= Giuseppe Marchi =

Italian Jesuit archæologist

Giuseppe Marchi (22 February 1795, Tolmezzo – 10 February 1860, Rome) was an Italian Jesuit archæologist who worked on the Catacombs of Rome.

==Life==

He entered the Society of Jesus in Rome on 12 November 1814, shortly after the re-establishment of the order, and was professor of humanities successively in the colleges of Terni, Reggio Emilia, Modena and St. Andrew of the Quirinal. After completing his course and making his religious profession (1833), he became professor of rhetoric in the Roman College and held this position until 1842. Meanwhile, he devoted his leisure to study, applying himself through choice to non-Christian antiquities.

He soon gave special attention to Christian antiquities, hoping thus to find a means of restoring Christian art. In 1838, he was made prefect of the Kircherian Museum, a position he retained until his death. Marchi attempted a reorganization of the collection and produced a monograph on the ancient coins preserved there, the Aes grave del Museo Kircheriano.

In 1840, he announced his intention of collecting into one large publication the monuments of Christian architecture, painting, and sculpture. His archæological pursuits recommended him to Gregory XVI as qualified to succeed Settele in the position of Conservatore dei sacri cimiteni di Roma (1842), charged with supervising the early Christian burial places in and around the city. He brought to the study of early Christian monuments a new scholarly rigour. About this time, Marchi made the acquaintance of youthful Giovanni Battista De Rossi, who accepted him as master and thenceforth accompanied him on his visits to the Roman catacombs. Art historian Raffaele Garrucci was also one of Marchi's associates.
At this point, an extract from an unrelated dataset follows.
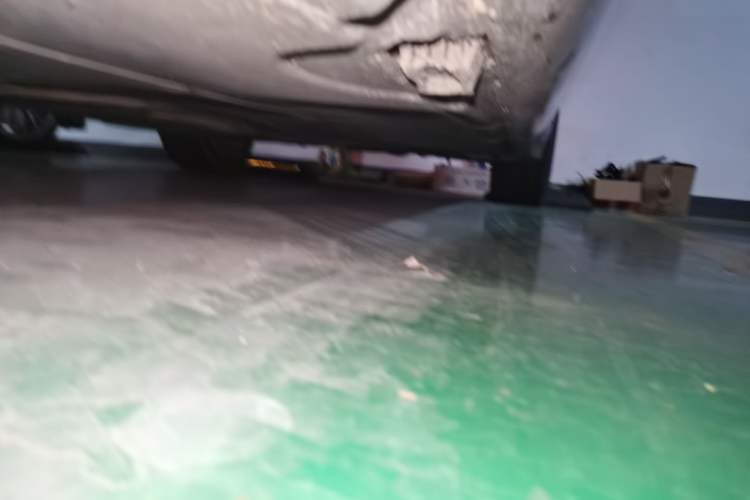 Used BMW 7 Series 2013 730Li Leading Model Chassis Front Left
These ancient cemeteries had been abandoned but thereafter were more accessible and could be studied on the ground. In spring 1842, Marchi conducted a tour of the Catacombs of Saint Agnes for James Roosevelt Bayley, John Bede Polding, and a number of people from the English College, Rome. In 1844, Marchi published the first volume of his "Monumenti", devoted to the construction of the catacombs, especially that of Saint Agnes. He proved the Christian origin of these ancient burial-places and, through his studies, brought about (21 March 1845) the discovery of the crypts of Saints Peter and Hyacinth in the catacomb of St. Hermes.

It was De Rossi who made the great discoveries in the catacombs. He knew better than Marchi how to make use of ancient topographical data and all the resources of learning. Marchi was appointed Consultor of the Congregation of the Index in 1847, and several years later (1854), he took part in the creation of the Lateran Museum. Marchi was assigned the work of collecting and arranging the sculptured monuments of the early Christian ages, and to de Rossi all that concerned ancient Christian inscriptions. In July 1855, his labours were interrupted for the first time by a stroke of apoplexy, to which he succumbed in 1860.

The notes intended for the continuation of the "Monumenti" were lost, but some of them were found by Giuseppe Bonavenia and made known at the Second Congress of Christian Archæology at Rome (1900). These recovered documents were destined for the second volume of the "Monumenti", which was to treat of the non-cemeterial Christian architecture of Rome.

==Published works==
- Musei Kircherniani Inscriptiones ethnicæ et christianæ (Milan, 1837);
- L'aes grave del Museo Kircheriano, ovvero le monete primitive dei popoli dell' Italia media in collaboration with P. Tessieni (Rome, 1839);
- Monumenti delle arti cristane primitive nella metropoli del cristianesimo: I. Archittetura della Roma sotteranea cristiana (Rome, 1844).